In [None]:
import pandas as pd
import requests
import rdflib
from rdflib import URIRef
from rdflib.namespace import RDF
import xml.etree.ElementTree as ET
import networkx as nx
import regex as re
import fuzzywuzzy
from fuzzywuzzy import fuzz
from fuzzywuzzy import process
import ast

In [None]:
df = pd.read_csv('data/person_review_name.csv', sep='\s*,\s*', engine='python')

In [None]:
# Entrée : URL / Sortie : return(XML)
def rdf_to_xml(url):
    try:
        g = rdflib.Graph().parse(url)
        serial = g.serialize(format='pretty-xml')
        root = ET.fromstring(serial)
        return(root)
    except:
        print('Fin du dataframe ?')

# Entrée : liste d'URL / Sortie : liste de noms, d'URL en cas d'erreur
def url_to_name(cites_urls):
    cites_names = []
    id_publishs = []
    for cite in cites_urls:
        url = cite
        root = rdf_to_xml(url)
        try:
            id_publish = (re.findall('(?<=persee.fr\/doc\/)[a-z]+(?=_[0-9]+)', url))[0]
            id_publishs.append(id_publish)

            bib_cit = root.find('.//{http://purl.org/dc/terms/}bibliographicCitation').text
            name = (re.findall('^[^.]+', bib_cit))[0]
            cites_names.append(name)
        except:
            cites_names.append(url)
            id_publishs.append(id_publish)
    return(cites_names, id_publishs)

In [None]:
# net_meta = nx.Graph()
net_meta = nx.DiGraph()

nb_a_traiter = len(df.index)

for i in range(nb_a_traiter):
# for i in range(100):
    url_df = df.loc[i]['Review_18']
    root = rdf_to_xml(url_df)

    bib_cit = root.find('.//{http://purl.org/dc/terms/}bibliographicCitation').text
    
    name_df = df.loc[i]['name_86']
    name_rdf_bib = (re.findall('^[^.]+', bib_cit))[0]

    # if fuzz.token_sort_ratio(name_df, name_rdf_bib) >= 90:
    #     print(f'{name_df} = {name_rdf_bib}')

    cites_url = []
    isCitedBy_url = []

    for elem in root.iter('{http://purl.org/spar/cito/}cites'):
        cite_url = list(elem.attrib.values())[0]
        if cite_url not in cites_url:
            if cite_url != url_df:
                cites_url.append(cite_url)
    if cites_url:
        cites_names = (url_to_name(cites_url))[0]
        id_publishs = (url_to_name(cites_url))[1]
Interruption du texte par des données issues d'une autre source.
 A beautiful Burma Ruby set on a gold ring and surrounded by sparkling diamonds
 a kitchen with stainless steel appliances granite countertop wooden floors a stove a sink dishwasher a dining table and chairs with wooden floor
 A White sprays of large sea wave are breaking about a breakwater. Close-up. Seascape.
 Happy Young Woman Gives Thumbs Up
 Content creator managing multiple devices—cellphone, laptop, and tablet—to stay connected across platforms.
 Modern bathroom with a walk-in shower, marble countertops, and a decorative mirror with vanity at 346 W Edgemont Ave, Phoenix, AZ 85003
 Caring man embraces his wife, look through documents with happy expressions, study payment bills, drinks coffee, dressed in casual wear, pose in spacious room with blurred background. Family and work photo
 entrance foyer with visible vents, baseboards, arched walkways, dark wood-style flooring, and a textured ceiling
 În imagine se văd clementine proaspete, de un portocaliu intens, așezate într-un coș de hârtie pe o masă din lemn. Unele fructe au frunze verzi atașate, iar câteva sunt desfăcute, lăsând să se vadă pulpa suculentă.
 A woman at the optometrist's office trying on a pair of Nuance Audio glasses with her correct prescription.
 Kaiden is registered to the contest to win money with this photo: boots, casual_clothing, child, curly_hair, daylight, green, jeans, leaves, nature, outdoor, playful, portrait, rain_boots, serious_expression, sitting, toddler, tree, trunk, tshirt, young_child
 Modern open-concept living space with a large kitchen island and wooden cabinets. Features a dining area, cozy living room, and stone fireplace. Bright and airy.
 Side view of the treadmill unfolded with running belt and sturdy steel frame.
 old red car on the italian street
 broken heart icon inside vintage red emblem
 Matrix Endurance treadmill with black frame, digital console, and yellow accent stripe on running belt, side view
    # for elem in root.iter('{http://purl.org/spar/cito/}isCitedBy'):
    #     cite_url = list(elem.attrib.values())[0]
    #     if cite_url not in isCitedBy_url:
    #         if cite_url != url_df:
    #             print(f'Ça marche pour {i}')
    #             isCitedBy_url.append(cite_url)
    # if isCitedBy_url:
    #     isCitedBy_names = url_to_name(isCitedBy_url)

    if name_rdf_bib not in net_meta:
        net_meta.add_node(name_rdf_bib, corpus=True, publishing='jds', nPaper=1) #id=url, bib_cit=bib_cit, nCitation=0)
    else:
        net_meta.nodes[name_rdf_bib]["nPaper"] += 1

    for name_or_url, id_publish in zip(cites_names, id_publishs):
        if name_or_url not in net_meta:
            net_meta.add_node(name_or_url, corpus=False, publishing=id_publish, nPaper=1)
        if net_meta.has_edge(name_rdf_bib, name_or_url):
            net_meta[name_rdf_bib][name_or_url]["weight"] += 1
        else:
            net_meta.add_edge(name_rdf_bib, name_or_url, weight=1)


In [None]:
print(len(net_meta))
nx.draw(net_meta)
nx.write_gexf(net_meta, f'graph_meta_{nb_a_traiter}.gexf')